In general, markets do two things in the face of uncertainty: they fall, because reliable predictability is valued more highly than the unknown; and they become more volatile, because it’s that much harder to value future income streams. And both of those effects are magnified when you’re in an economic environment of zero interest rates. That’s because the discount rate at which you value future income is very low, with the result that modest changes to a value here or a rate there can have extremely large effects in terms of present value.
That helps explain why the Nikkei plunged so dramatically in the fall of 2008, going from 12,000 to 8,000 in the space of a month. By those standards, a fall from 10,500 to 8,500, as we’ve seen in the past three sessions, is pretty much in line with what happens to Japanese stocks in the face of a major market event.
The most likely outcome here is that Japan will spend a lot of money to rebuild its economy, but not so much that the national finances will be disrupted massively. There’s still a long-term fiscal problem in Japan, but the short-term liquidity situation is solid, and a major natural disaster like this one is a no-brainer of a reason to put fiscal worries on the back burner and stimulate the economy with much-needed reconstruction spending.

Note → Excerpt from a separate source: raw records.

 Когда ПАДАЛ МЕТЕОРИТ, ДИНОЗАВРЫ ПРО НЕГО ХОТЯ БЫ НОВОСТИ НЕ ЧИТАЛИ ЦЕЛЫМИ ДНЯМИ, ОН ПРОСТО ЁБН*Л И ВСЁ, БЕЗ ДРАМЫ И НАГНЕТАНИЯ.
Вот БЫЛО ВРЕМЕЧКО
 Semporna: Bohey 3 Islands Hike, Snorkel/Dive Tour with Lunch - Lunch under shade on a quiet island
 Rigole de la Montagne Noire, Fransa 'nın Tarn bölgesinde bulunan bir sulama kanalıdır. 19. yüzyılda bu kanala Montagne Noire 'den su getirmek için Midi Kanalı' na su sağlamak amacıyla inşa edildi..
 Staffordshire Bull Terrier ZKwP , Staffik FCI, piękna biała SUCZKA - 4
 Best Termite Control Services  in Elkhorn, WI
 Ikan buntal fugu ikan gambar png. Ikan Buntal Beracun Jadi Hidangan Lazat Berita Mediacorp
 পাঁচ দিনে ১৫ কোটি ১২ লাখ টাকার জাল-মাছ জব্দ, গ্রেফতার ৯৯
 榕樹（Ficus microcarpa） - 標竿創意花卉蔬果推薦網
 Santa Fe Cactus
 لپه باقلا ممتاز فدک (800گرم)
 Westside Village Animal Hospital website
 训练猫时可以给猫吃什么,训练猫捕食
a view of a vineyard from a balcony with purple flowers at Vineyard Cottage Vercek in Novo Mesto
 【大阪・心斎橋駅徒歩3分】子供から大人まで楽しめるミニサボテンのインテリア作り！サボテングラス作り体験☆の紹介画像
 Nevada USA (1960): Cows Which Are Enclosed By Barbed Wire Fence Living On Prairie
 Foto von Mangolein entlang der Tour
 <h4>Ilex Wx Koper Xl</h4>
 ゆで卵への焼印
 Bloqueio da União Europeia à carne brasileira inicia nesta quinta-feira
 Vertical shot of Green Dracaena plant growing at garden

That said, however, there are definitely less likely scenarios out there as well which are much more gruesome for Japan and indeed for the entire world. With the probabilities attached to those scenarios being impossible to calculate, expect to see continued volatility in global asset markets for at least as long as the news out of Japan remains in flux — and possibly for quite a while after that, as well. This earthquake literally shifted the world’s axis: there’s a good chance it’ll do so metaphorically as well. If you’re a bold macro-fund manager who can see five moves ahead and loves to play in volatile markets, this is heaven for you. The rest of us are just going to suffer from aftershocks for a while.